Konferensi tersebut, kata Alwi, turut mendorong kerja sama antara guru sekolah untuk melibatkan kombinasi antara pengetahuan dan keterampilan.
Sebagai tindak lanjut, Literasi Keagamaan Lintas Budaya di Indonesia yang telah melatih lebih dari 8.500 guru dalam waktu sekitar 2,5 tahun, dan melibatkan sedikitnya 30 lembaga pendidikan dan keagamaan.
Dorong Nilai Toleransi Beragama
Konferensi Internasional Literasi Keagamaan Lintas Budaya (LKLB) atau International Conference on Cross-Cultural Religious Literacy dihadiri oleh lebih dari 160 peserta dari dalam dan luar negeri.
Pada sesi pembukaan hadir pula perwakilan dari 22 negara asing di Jakarta, termasuk sejumlah duta besar yaitu Duta Besar Austria, Duta Besar Yordania, Duta Besar Romania, Duta Besar Spanyol, dan Duta Besar Uni Emirat Arab, dan Duta Besar Vatikan, serta perwakilan dari Kedutaan Besar (Kedubes) antara lain Kedubes Amerika Serikat, Kedubes Inggris, Kedubes Belanda, Kedubes Malaysia, Kedubes Laos, dan Kedubes Filipina.
Dikutip dari pernyataan resmi, konferensi tersebut mengangkat "Multi-faith Collaborations in an Inclusive Society", yaitu berfokus kepada pemahaman adanya kebutuhan yang semakin besar akan kolaborasi multiagama dimana orang-orang dari berbagai agama dan kepercayaan bisa saling belajar dan bekerja sama, dengan tetap mengakui dan menghormati perbedaan agama dan kepercayaan mereka, dalam mengatasi masalah-masalah yang menjadi perhatian bersama.
Konferensi Internasional LKLB diharapkan bisa memperkokoh modalitas Indonesia akan nilai-nilai toleransi, moderasi beragama, dan penghargaan terhadap kemajemukan.

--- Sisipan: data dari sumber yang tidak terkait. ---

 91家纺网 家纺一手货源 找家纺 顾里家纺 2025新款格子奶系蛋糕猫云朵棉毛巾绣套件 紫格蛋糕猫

Konferensi ini akan mengangkat berbagai topik untuk penguatan kolaborasi multiagama, termasuk dari sisi pendidikan, penghormatan terhadap hak asasi manusia, dan mempromosikan nilai-nilai LKLB dalam komunitas negara-negara ASEAN.
Advertisement
Menlu Retno Buka Konferensi
Konferensi tersebut turut dibuka oleh Menteri Luar Negeri RI Retno Marsudi yang menekankan soal pentingnya nilai toleransi keberagaman di tengah situasi dan konflik global saat ini.
Terlebih, sejumlah konflik di dunia, misalnya yang terjadi antara Israel dan Hamas, kerap disalahartikan sebagai konflik agama.
"Konflik-konflik ini pada hakikatnya tidak bersifat keagamaan, namun unsur keagamaan seringkali menghadirkan ketegangan yang meningkat," kata Menlu Retno.